OSHA cited the employer with six serious violations and proposed $95,981 in penalties, an amount set by federal statute.
Cullman Casting Corp is an iron foundry located in Cullman, Alabama, and a wholly owned subsidiary of North Vernon Industry Corp. Cullman Casting uses vacuum-process molding for counterbalance products.
OSHA's machine guarding and control of hazardous energy webpages provide information on what employers must do to limit worker exposures to machine hazards.
Alabama Sausage Manufacturer Exposed Workers to Deadly Hazards at Attalla Worksite
A follow-up inspection by OSHA of Dean Sausage Co., Inc. found similar workplace safety hazards as identified in a Dec. 8, 2022, inspection, allowing workers to be exposed to hazards related to lockout/tagout, machine guarding, hazard communication and blocked exits.
Issued citations and proposed penalties:  The current inspection led OSHA to cite the employer with seven repeat violations for exposing employees to struck-by and caught-in hazards by failing to develop and use machine-specific lockout/tagout procedures and by not maintaining machine guarding. In addition, Dean Sausage failed to maintain clear exits, and to implement a written hazard communication program, including worker training, for those working with hazardous chemicals. The employer also did not maintain required safety data sheets for the materials.
OSHA also cited the company with two serious violations for lacking lockout/tagout procedures to protect employees before they cleared a machine's bread cutter.

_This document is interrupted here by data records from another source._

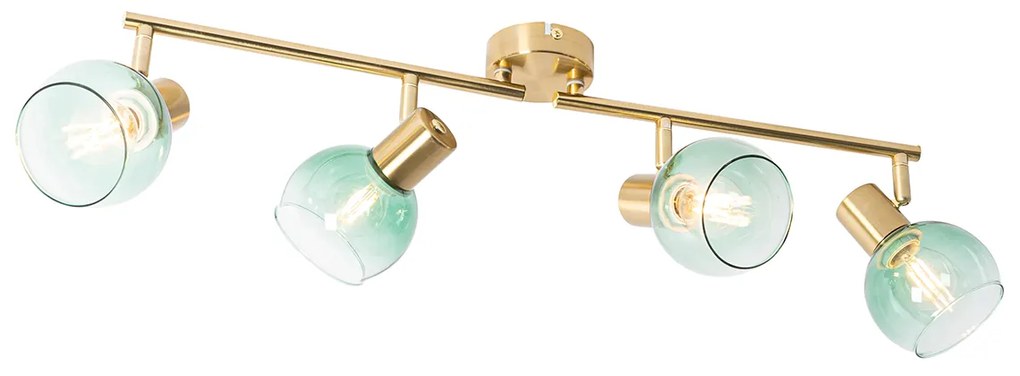 Art Deco reflektor arany zöld üveggel 4-lámpás - Vidro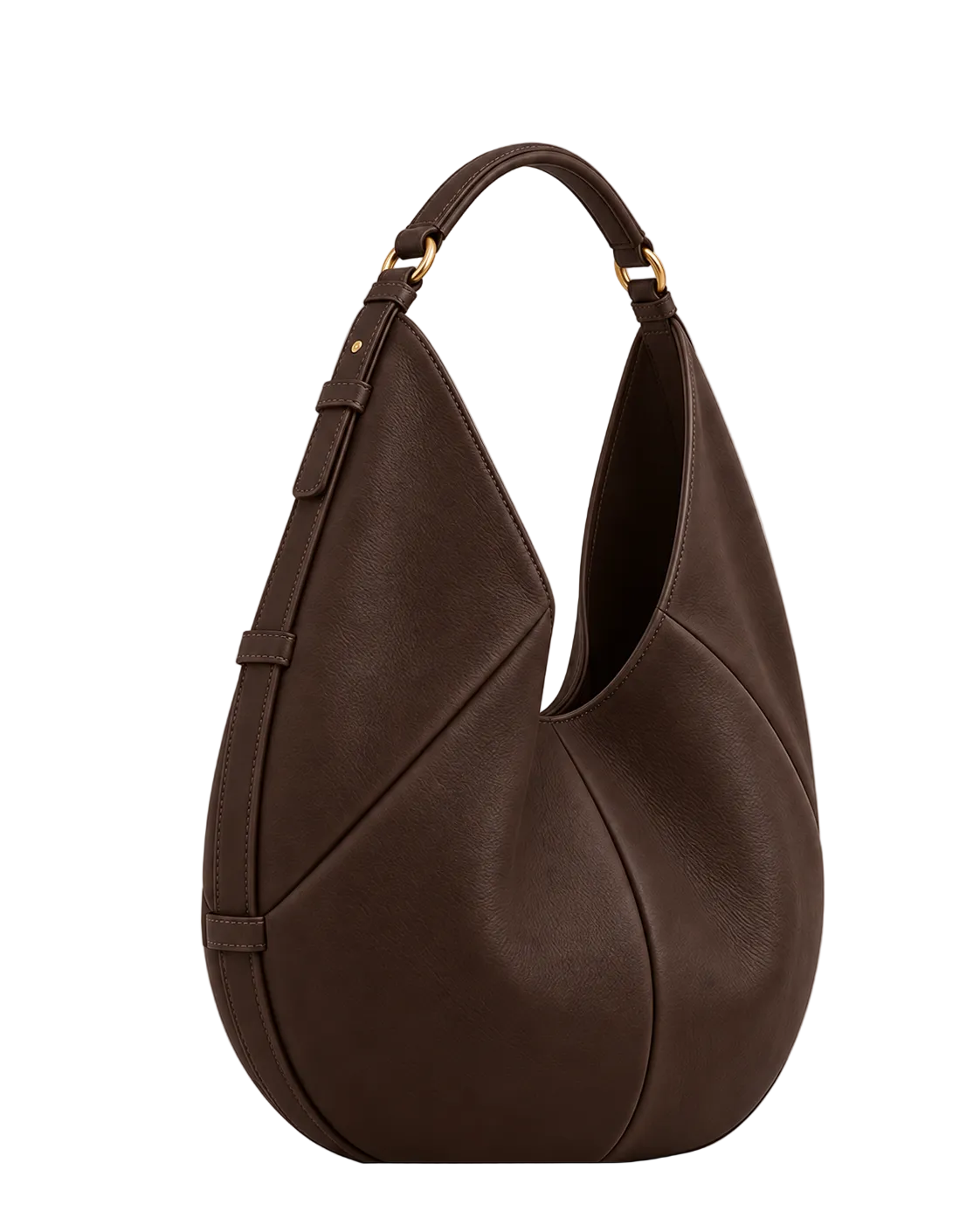 Bolso de piel SENDA 36 de CHAGOM en color chocolate, vista tres cuartos#Color_Chocolate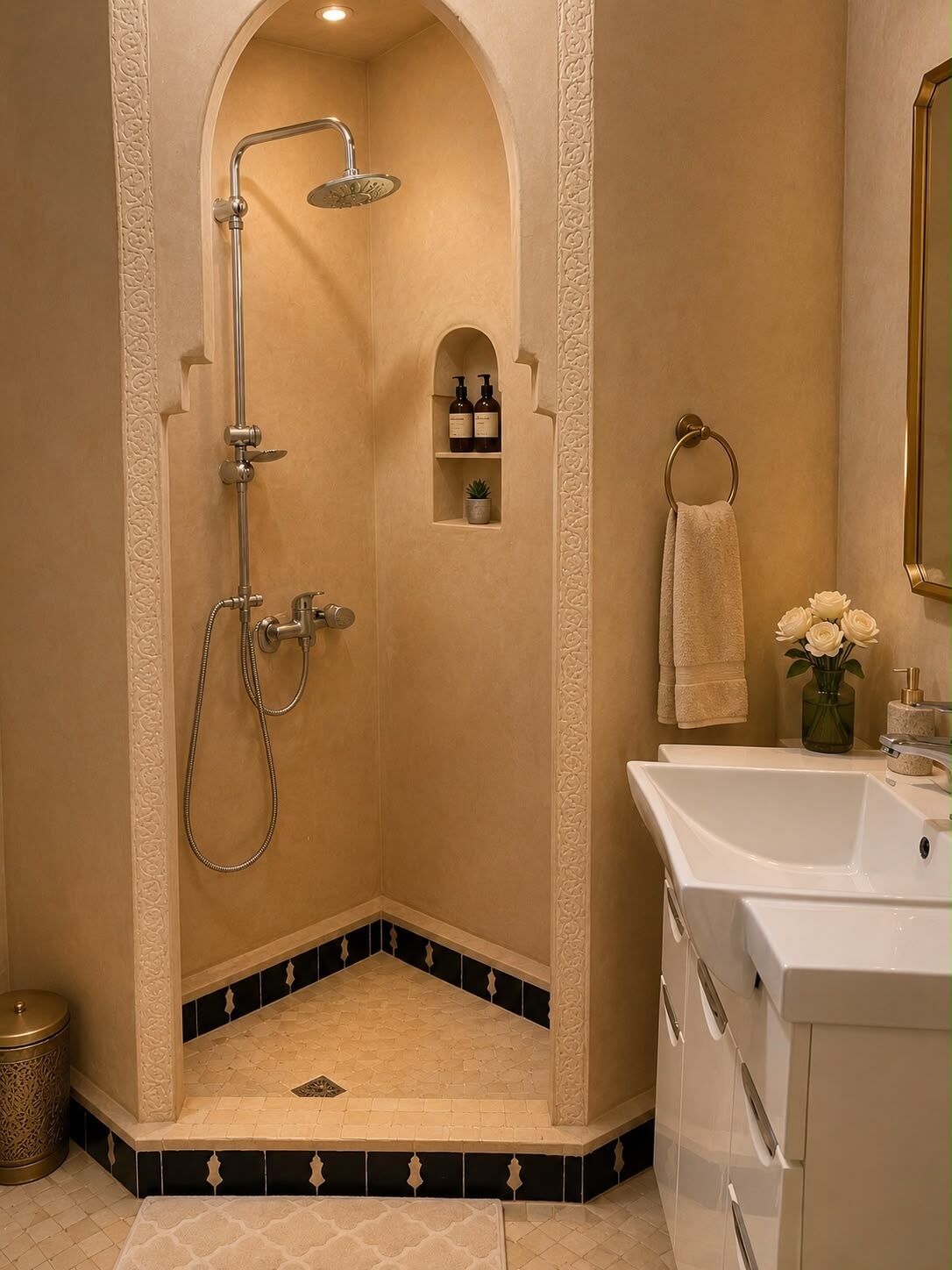 A bathroom with a shower, sink, and decorative tiles.
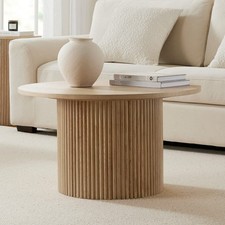 Dusk Hattie Light Wood Round Pedestal Coffee Table RRP £299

OSHA has proposed $116,153 in penalties.
In the initial 2022 inspection, OSHA cited Dean Sausage Co. for a total of 14 violations and assessed the company with more than $37,000 in proposed penalties. Established in 1955, Dean Sausage Co. Inc. employs 85 workers at its Attalla facility. The employer produces meat products, including sausage and frozen biscuit sandwiches distributed to retailers throughout the southern U.S.
OSHA's investigation is part of its National Emphasis Program to focus enforcement efforts on amputation hazards in manufacturing industries. A NEP is a temporary program that focuses agency resources on particular hazards and high-hazard industries. The NEP on amputations targets industrial and manufacturing workplaces where OSHA has determined that unguarded or improperly guarded machinery and equipment played a role in employee injuries. OSHA also seeks to raise awareness of amputation hazards in the state's manufacturing industry through a concerted education and prevention effort.
"The bottom line for any company is they must keep their workers safe," said OSHA Area Office Director Joel Batiz in Birmingham, Alabama. "Employers have a legal obligation to put worker safety before profit and to do all they must to make sure every employee ends their shift safely. The fact that Dean Sausage Co. has allowed employees to be exposed to hazards for which we cited them in the past raises real concerns. Their latest failure is unacceptable, and OSHA will hold the company accountable."